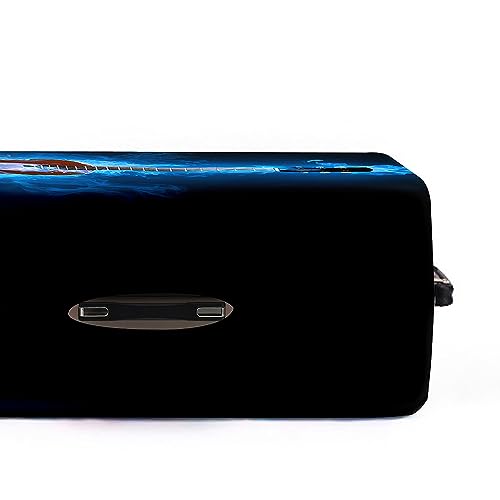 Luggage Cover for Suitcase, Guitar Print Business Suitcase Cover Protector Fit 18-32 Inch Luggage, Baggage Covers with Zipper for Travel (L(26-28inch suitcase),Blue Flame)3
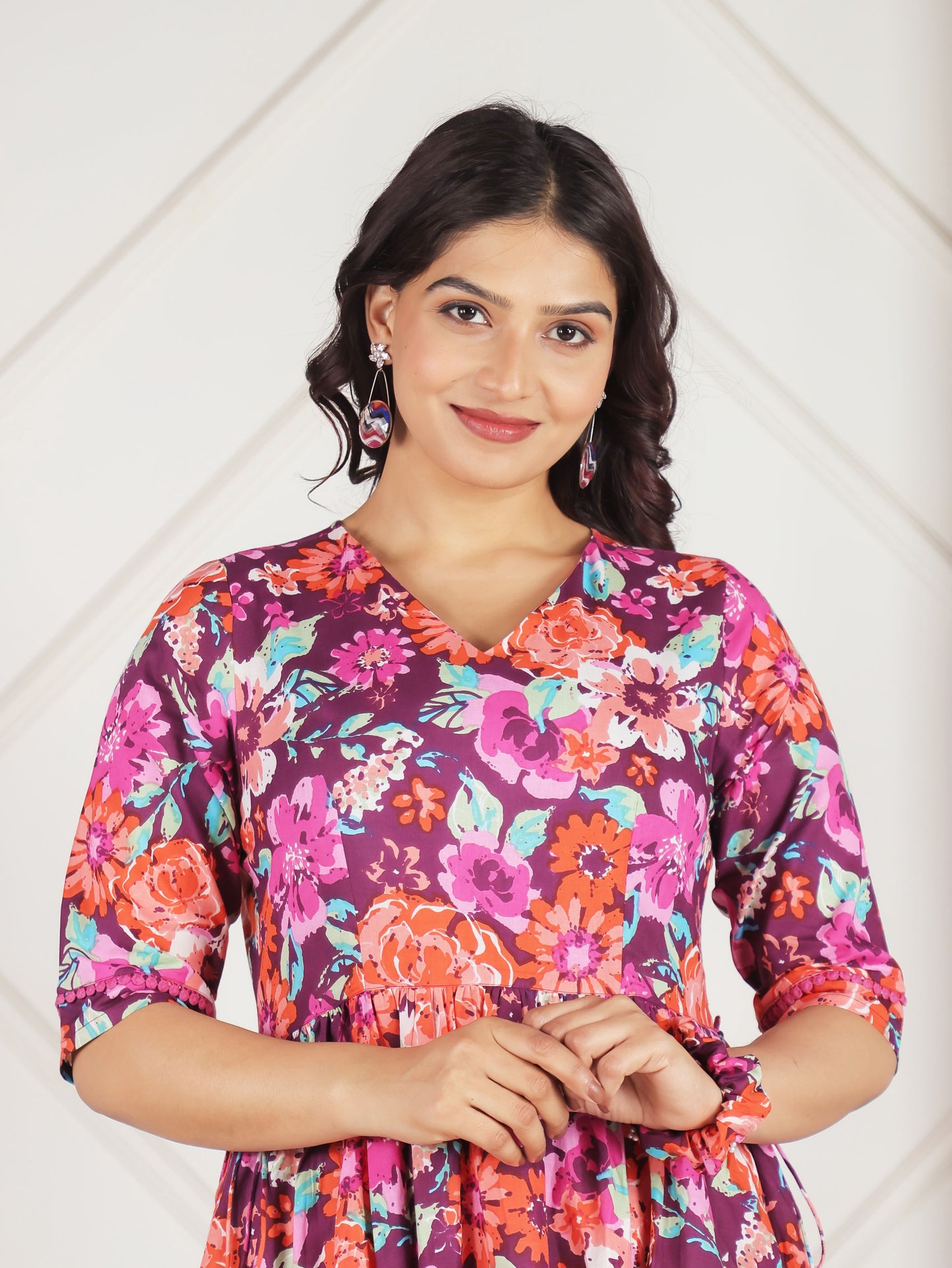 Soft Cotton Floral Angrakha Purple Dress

========

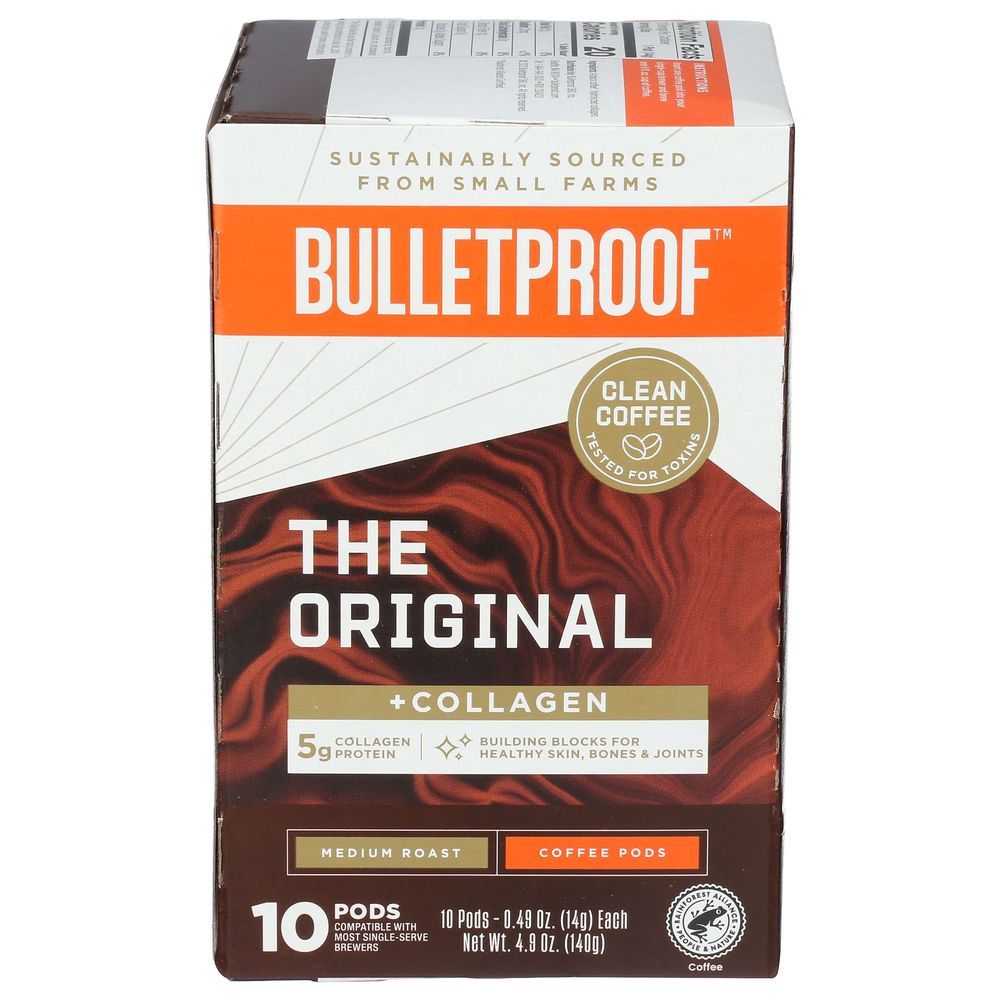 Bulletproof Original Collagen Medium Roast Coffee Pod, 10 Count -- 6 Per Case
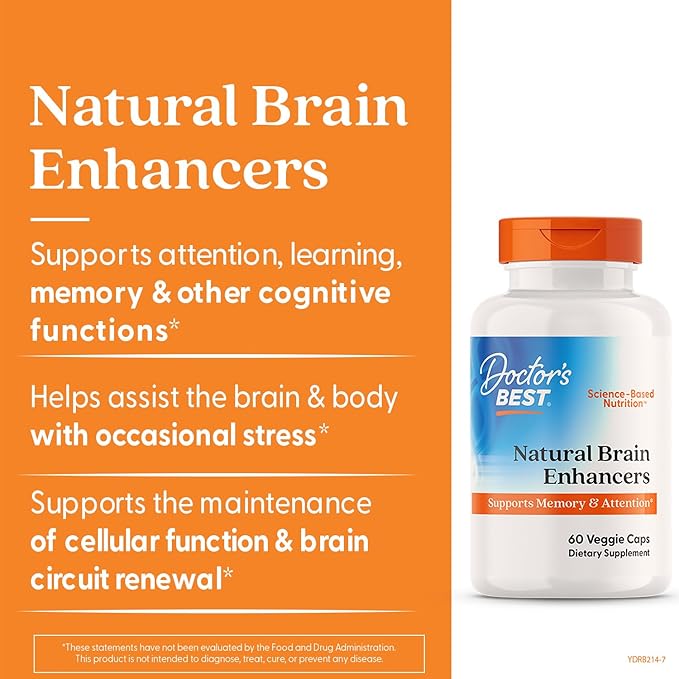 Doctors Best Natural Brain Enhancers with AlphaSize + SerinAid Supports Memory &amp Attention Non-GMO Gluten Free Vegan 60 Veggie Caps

========

Required action —
Only one part of the listing is wanted: the lines from the one containing "Bulletproof Original Collagen" through the one containing "Doctors Best Natural", both included. Please transcribe it exactly, leaving out the pictures.

Worked solution —
 Bulletproof Original Collagen Medium Roast Coffee Pod, 10 Count -- 6 Per Case
 Doctors Best Natural Brain Enhancers with AlphaSize + SerinAid Supports Memory &amp Attention Non-GMO Gluten Free Vegan 60 Veggie Caps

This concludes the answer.